Exercise instructions –
Pictures aside, the output must consist of the lines from the one containing "Sandales compensées élégantes" through the end of the data, reproduced exactly.

Input data –
== Segment start ==
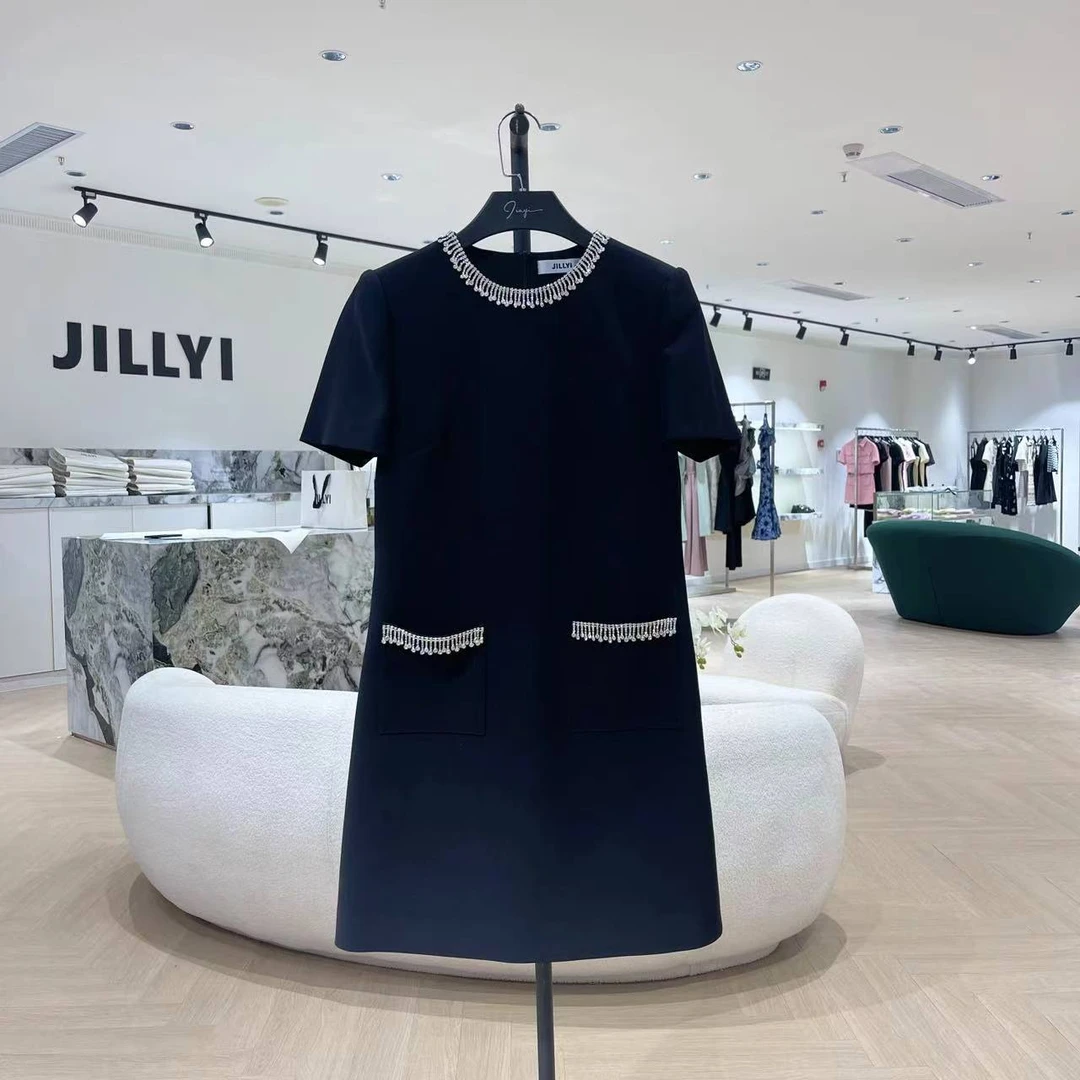 JILLYI南山店【跳动音符】全钻流苏轻奢气质时尚夏季黑色圆领百搭连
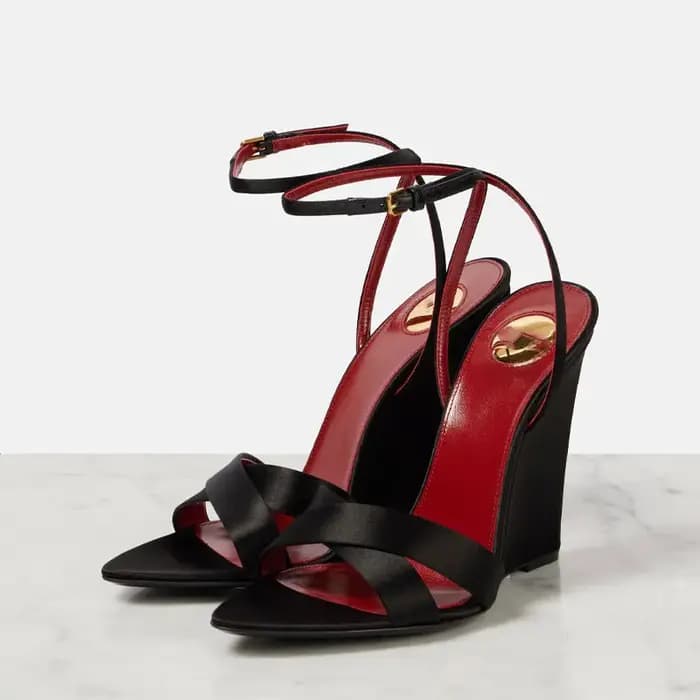Sandales compensées élégantes à bretelles croisées pour femmes – Talons hauts élégants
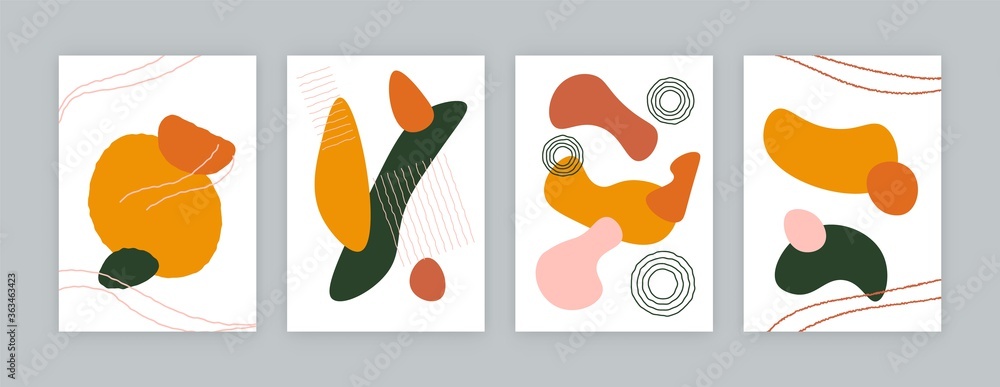 Abstract postcard design. Set of minimalist wall decoration, creative hand drawn posters brochure covers. Modern vector illustration Abstract postcard design. Set of minimalist wall decoration, creative hand drawn posters brochure covers. Modern vector illustration
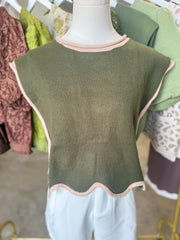 Army Green Scalloped Serenity Sweater Vest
== Segment end ==
Solution to the exercise –
Sandales compensées élégantes à bretelles croisées pour femmes – Talons hauts élégants
 Abstract postcard design. Set of minimalist wall decoration, creative hand drawn posters brochure covers. Modern vector illustration Abstract postcard design. Set of minimalist wall decoration, creative hand drawn posters brochure covers. Modern vector illustration
 Army Green Scalloped Serenity Sweater Vest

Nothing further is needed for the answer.